Table 3 Multivariate analysis for factors affecting CSS in Stage II PTC patients ≥55 years

Discussion

In this study, we demonstrated that (1) LNEx was a relatively rare event, occurring in only 2% of PTC patients, (2) the prognosis of patients with LNEx did not significantly vary according to which organs the metastatic nodes had invaded, (3) in patients younger than 55 years, LNEx independently affected CSS, and the CSS of LNEx-positive patients did not differ from that of Stage II patients, and (4) in Stage II patients aged at 55 years or older, LNEx-positive patients had significantly poorer CSS than LNEx-negative patients and had similar CSS to Stage III patients.

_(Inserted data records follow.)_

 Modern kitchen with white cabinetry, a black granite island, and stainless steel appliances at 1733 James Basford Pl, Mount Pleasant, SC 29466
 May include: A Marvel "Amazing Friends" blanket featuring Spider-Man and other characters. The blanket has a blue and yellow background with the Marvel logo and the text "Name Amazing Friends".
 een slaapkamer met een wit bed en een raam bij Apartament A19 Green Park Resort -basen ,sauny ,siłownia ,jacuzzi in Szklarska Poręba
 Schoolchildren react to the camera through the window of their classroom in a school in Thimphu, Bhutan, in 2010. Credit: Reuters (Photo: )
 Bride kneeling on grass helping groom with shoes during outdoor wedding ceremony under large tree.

Previous studies have shown the prognostic significance of LNEx from both clinical and pathological aspects [8,9,10,11,12,13], and the American Thyroid Association guidelines adopted pathological LNEx as a high-risk feature of differentiated thyroid carcinoma [14]. However, LNEx has not yet been adopted in the TNM classification. This may be because LNEx is not a common event and its incidence is much lower than that of extrathyroid extension from primary lesions.

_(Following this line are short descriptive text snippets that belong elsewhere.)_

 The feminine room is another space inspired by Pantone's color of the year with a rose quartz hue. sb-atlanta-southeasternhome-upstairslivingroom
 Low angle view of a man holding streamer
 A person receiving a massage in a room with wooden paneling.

In contrast to T4a, we could not establish any significant difference in CSS between LNEx1 and LNEx2 patients aged <55 years (p = 0.2493) or those aged ≥55 years (p = 0.6074). Why this discrepancy occurs remains to be elucidated, but a significant volume of lymph node metastasis is needed for this phenomenon, indicating that LNEx reflects two aggressive characteristics of PTC: significant invasive character and extensive lymph node metastasis. This might explain, at least in part, why LNEx-positive tumors generally have very highly aggressive features. We analyzed LNEx-positive patients as a single group without subclassification and found that LNEx had a very strong impact on CSS, similar to other factors, such as T4a2 and N2. Stage I patients with LNEx and M0 showed a similar CSS to Stage II patients, and the CSS of Stage II patients positive for LNEx did not differ from that of Stage III patients. These results suggest that patients with LNEx are strong candidates for upstaging.

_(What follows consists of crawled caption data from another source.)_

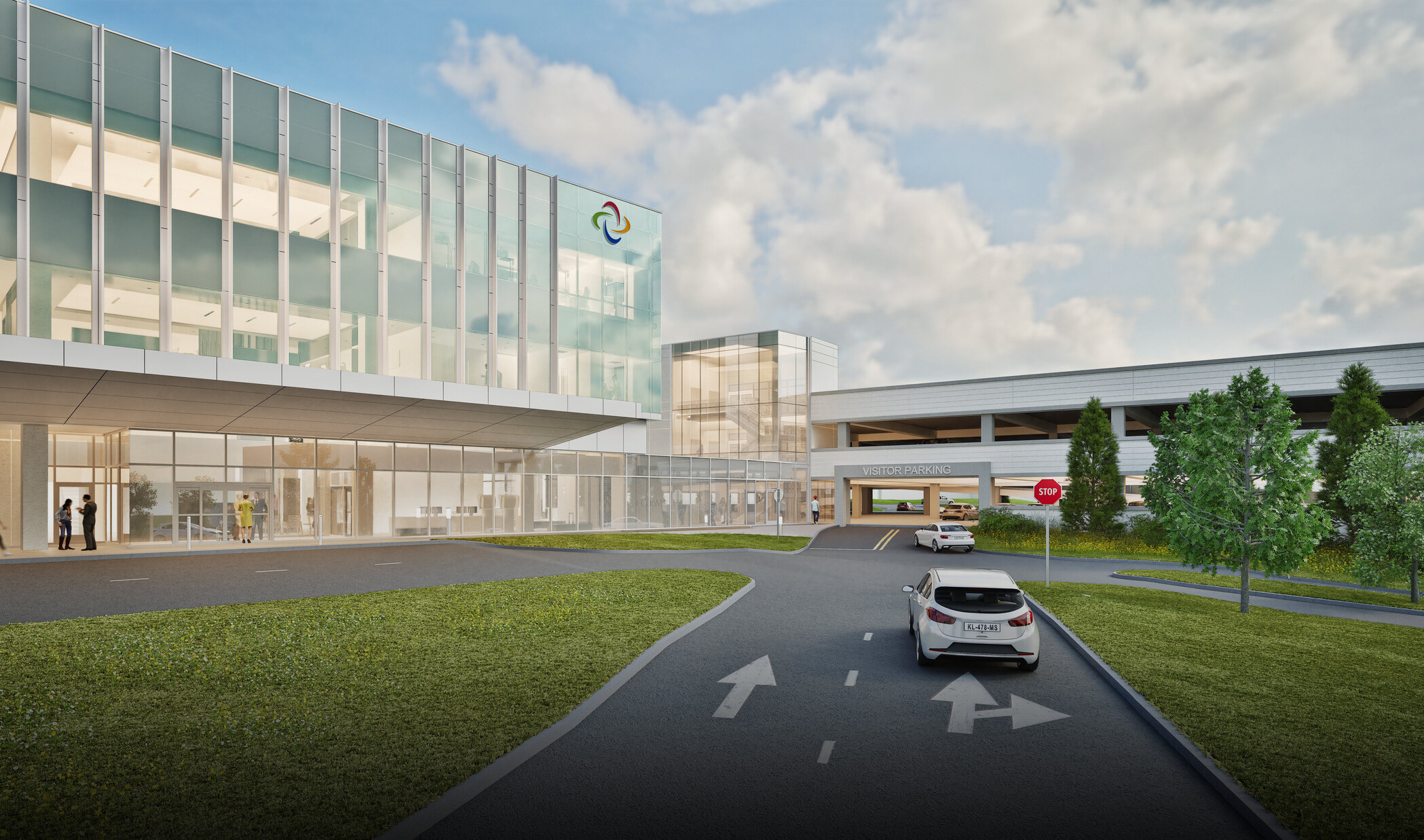 exterior architectural rendering of a modern medical cancer facility; lofted large glass building with floor to ceiling glass on the entry level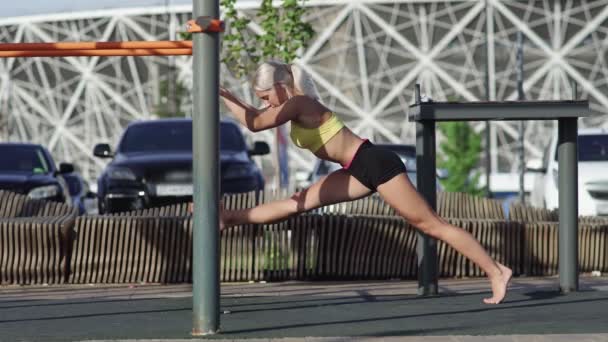 Side view of athletic woman is stretches and sits on the twine — Stock Footage Side view of athletic woman is stretches and sits on the twine Stock Footage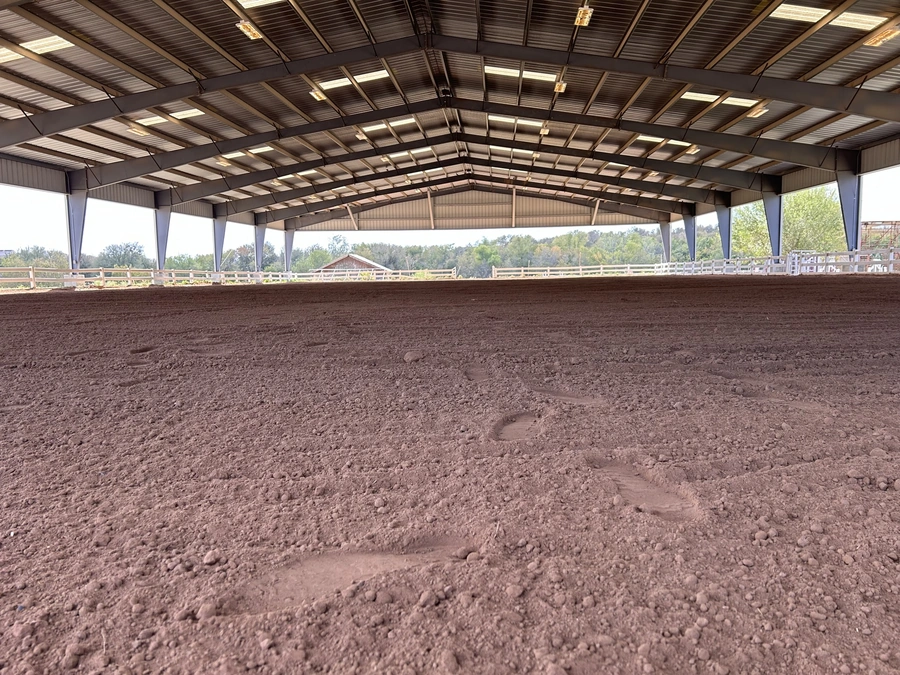 A spacious indoor arena with a large dirt floor surrounded by wooden fencing and a wooden roof structure. The arena appears to be part of a ranch or equestrian facility, with the natural surroundings visible through the open sides of the building.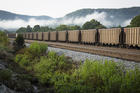 A train carries coal near Ravenna, Ky., in this 2014 file photo. Catholic groups are developing a new tool to rank countries' work in human and environmental development. (CNS photo/Tyler Orsburn)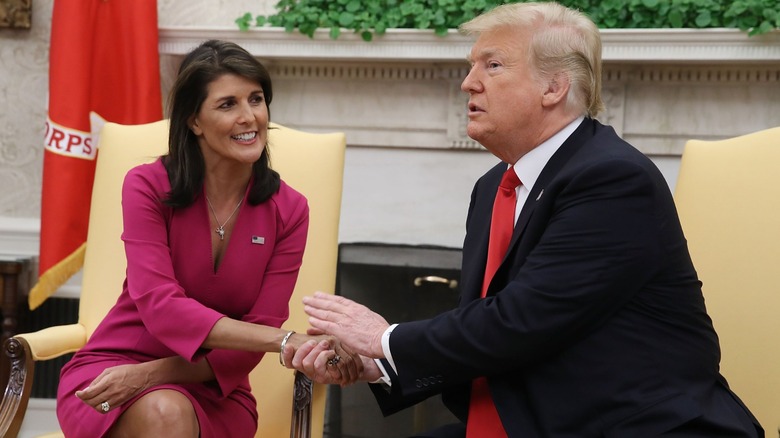 Nikki Haley and Donald Trump holding hands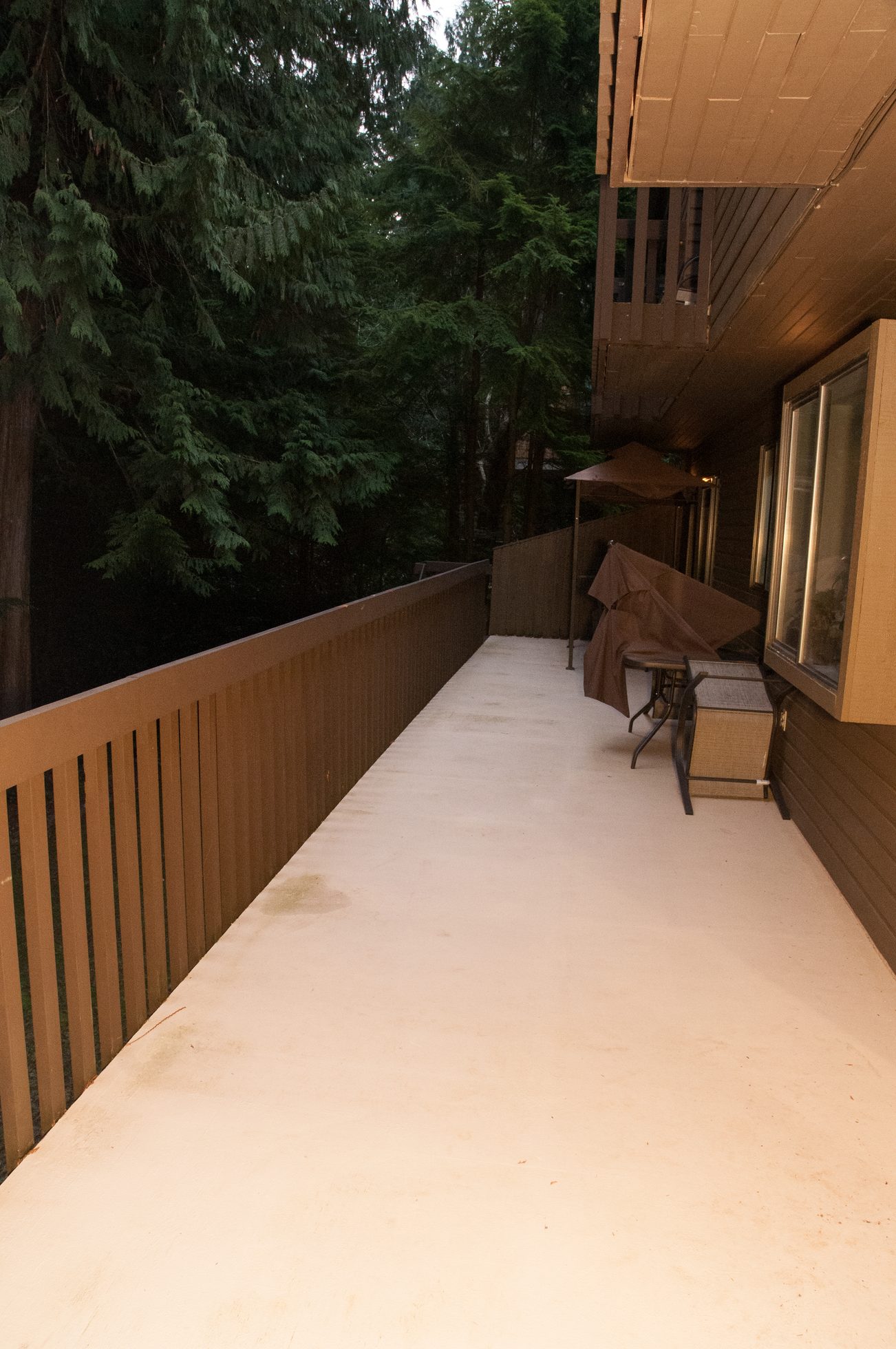 Furnished patio with wooden railings and forest view. - 5550 Huckleberry Lane, North Vancouver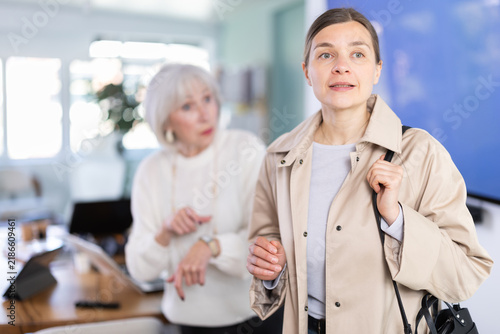 Quadro su tela Elderly woman sternly scolds her adult female colleague for being late for work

In multivariate analysis of patients <55 years, the ORs of LNEx, N2, and T4a2 were even higher than the OR of M1. M1 is a prominent prognostic factor for CSS, regardless of patient age. However, the CSS of PTC patients <55 years is generally good. In our series, only 26 of 3433 patients <55 years (0.8%) died of thyroid carcinoma, compared to 90 of 2250 patients ≥55 years (4.9%). The small number of patients <55 years who died of thyroid carcinoma may cause some bias. Alternatively, RAI therapy is known to be effective especially for young M1 patients, indicating that the prognostic value of M1 in patients <55 years is lower than that in patients ≥55 years, and in these patients, M1 has a prognostic value similar to that of other factors, such as LNEx, T4a2, and N2.

Our study has some limitations. First, this is a retrospective study. Second, LNEx is relatively rare, and its incidence was lower than that of extrathyroid extension. Therefore, analyses including more patients are needed to more accurately elucidate how LNEx affects prognosis. If analyzed using a large number of cases, the prognoses of PTC patients may differ according to which organs metastatic nodes extend. In this study, the classification of LNEx1 and LNEx2 used the same criteria as that for T4a1 and T4a2, but extranodal tumor extension can occur to organs that are not likely to be invaded by primary lesions, such as the submandibular gland. Here, we classified such cases as LNEx2, but future studies should review whether this is the correct classification. Last, the therapeutic strategies administered to patients enrolled in this study significantly differ from those currently administered. In our series, the number of patients who received RAI therapy or ablation was small (N = 79).

In summary, in all patients (<55 years and ≥55 years), LNEx showed a significant prognostic value for CSS. Patients with LNEx may be candidates for upstaging. However, further investigation with a larger number of patients having LNEx is required for more detailed analysis, such as the difference in prognoses of LNEx-positive patients according to which organs metastatic lymph nodes extend.